Poor communication and care coordination are barriers that impede medication management across settings of care. Clinical pharmacy services that provide primary care, medication review with patients upon discharge, and follow up in the ambulatory setting and appropriately document these critical services in the patient’s medical record can significantly reduce harm, eliminate waste, and improve patient outcomes. Innovative pharmacist-coordinated disease state management programs as a health care or medical home have been shown to result in significantly improved patient outcomes while demonstrating cost savings and improved patient satisfaction.

Examples of Transformational Change

Diabetes Care Collaborative Practice

In another study, pharmacists at two primary care clinics provided diabetes education, initiated or adjusted insulin therapy, and ordered pertinent laboratory tests to monitor patients’ response to therapy. Pharmacists also scheduled patient appointments with physicians, dietitians, social workers and psychologist, when appropriate. Patient—pharmacist interactions occurred face-to-face and by telephone. HbA1c concentrations were decreased from 11.1% to 8.9% (p=0.00004). After subtracting the cost of the pharmacists’ services and medical center charges for the appointment, the study saved the medical center a total of $103,950. See Coast-Senior EA., Kelley CL, Kelley CL, et al. Management of patients with type 2 diabetes by pharmacists in primary care clinics. Ann Pharmacother 1998;32:636-41.
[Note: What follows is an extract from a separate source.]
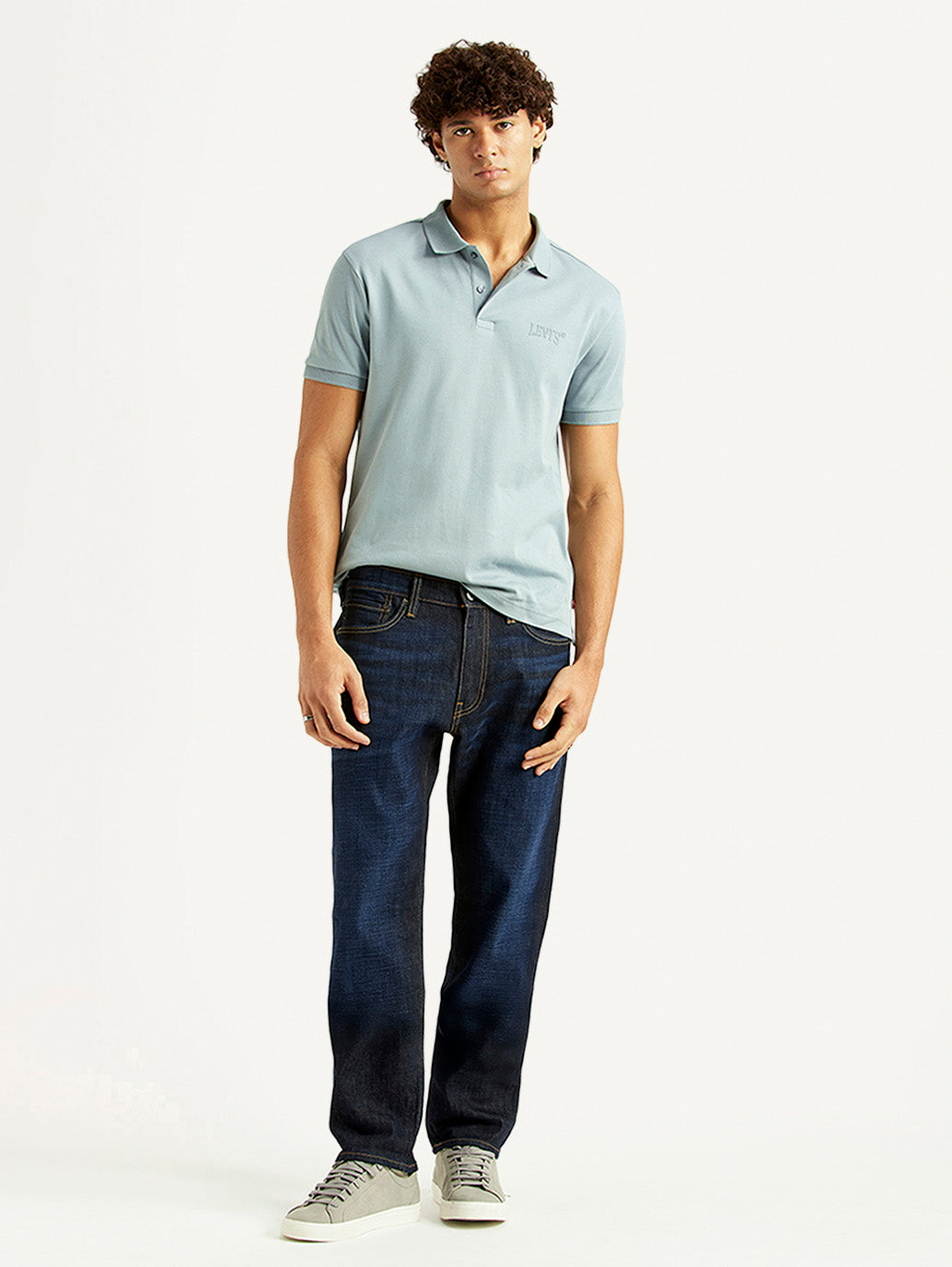 Men's 541 Navy Athletic Tapered Fit Mid Rise Selvedge Jeans - Styleshot View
Pharmacist-Run Hypertension Clinic

Another study randomized patients with uncontrolled hypertension to usual care managed by a physician or to physician—pharmacist management in a pharmacist-run hypertension clinic for a period of one year. Pharmacists provided patient education, made treatment recommendations, and provided follow-up utilizing an evidence-based treatment algorithm. While significant reductions in blood pressure were seen in both groups, the intervention group with pharmacist involvement resulted in a significantly greater reduction in blood pressure (p<0.01) and significantly more of these patients reached their blood pressure goal (p<0.02). In addition, average visit costs per patient were significantly lower for the intervention group ($160 vs $195, p=0.04). See Borenstein JE. Physician-pharmacist comanagement of hypertension: a randomized, comparative trial. Pharmacotherapy. 2003;23(2):209-16.